視覚や聴覚に障害のある人がより安心して出かけられるよう、「振動」に着目した最新技術の開発が進められています。
靴に装着した機器 振動して道案内
東京都内のスタートアップ企業「Ashirase」は、目の不自由な人の外出を支援するシステムの開発を進めています。
専用のアプリで目的地を設定すると、靴に装着した機器が、位置情報などをもとに振動して道案内をします。
システムの開発に協力した谷田光一さん(41)は、23歳の時に網膜剥離で弱視になりました。

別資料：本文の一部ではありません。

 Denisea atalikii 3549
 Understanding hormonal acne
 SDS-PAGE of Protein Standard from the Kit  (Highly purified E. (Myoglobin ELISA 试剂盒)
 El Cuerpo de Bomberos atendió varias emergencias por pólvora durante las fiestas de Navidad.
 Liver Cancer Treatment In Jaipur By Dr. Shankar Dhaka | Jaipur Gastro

初めての場所に行く時はスマホの音声案内などが頼りですが、音声に集中すると周囲の状況に気を配ることができないといい、振動のサポートを得ることで余裕が生まれるのではないかと期待しています。
システムの開発に協力した谷田光一さん
「周囲の環境に耳や目を向けながら、かつ足でナビゲートしてもらうことができるので、人混みが多いところにも積極的に足を向けることができるのではないか」
開発した会社では、今後、要望があった横断歩道や信号など、きめ細かい情報も伝えられるよう、改良を重ねていきたいとしています。
開発するスタートアップ企業 千野 歩 代表取締役
「より安心感とか心構えができた状態で歩いていける。そういった情報を増やしていくことが大きな課題」
レーダーと腕時計型の機器 車などの接近知らせる
耳が不自由な人の外出をサポートする製品の開発も始まっています。松島亜希さんは重度の難聴で、補聴器をつけても後ろから近づく車や自転車に気づかないことがあるといい、「いつも怖くて、しょっちゅう振り返りながら歩くようにしている」と話します。

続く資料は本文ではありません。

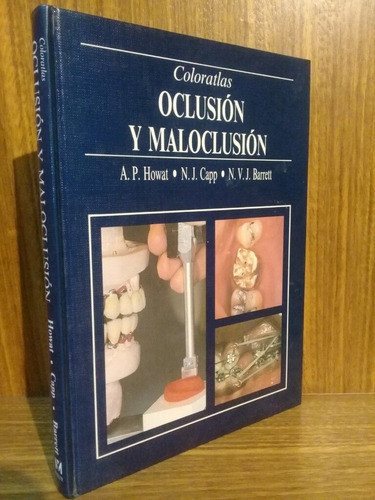 Atlas Color De Oclusión Y Maloclusión - Howat (1992, Mosby)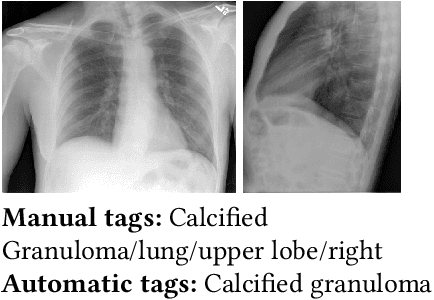 Figure 1 for A Survey on Deep Learning and Explainability for Automatic Image-based Medical Report Generation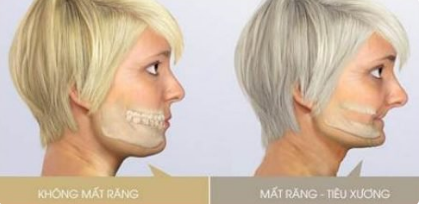 Niềng răng bị hóp má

松島さんは、京都市で行われている、外出をサポートする製品の体験会に参加しました。背中に取りつけるレーダーと、腕時計型の機器を体験しました。
これらの機器は大手電機メーカー「パナソニック」が開発を進めています。車が近づくと背中に取りつけたレーダーが検知し、腕時計型の機器が振動して知らせます。
周囲の環境や対象の速度などにもよりますが、最も早い場合は5秒前に接近を知らせるということです。
松島亜希さん
「子どもの安全を見ながら自分の安全も見ないといけないのが憂うつだったが、(子どもの)安全を見ながら散歩できるかなと期待している」
開発する大手電機メーカー 松田淳一プロジェクトリーダー
「連続して車とか自転車が来る場合は、通知が難しくなってくるところはある。安心感を持って使っていただけるような商品を目指していきたい」
視覚に障害のある人はふだん「耳」から得られる情報を活用し、聴覚に障害のある人は「目」からの情報を活用しています。これらを邪魔しないように振動を使うということです。
ただ、こうしたシステムや機器は利用者の安全を保証するものではありません。社会全体でバリアフリー化を推進していくことが欠かせません。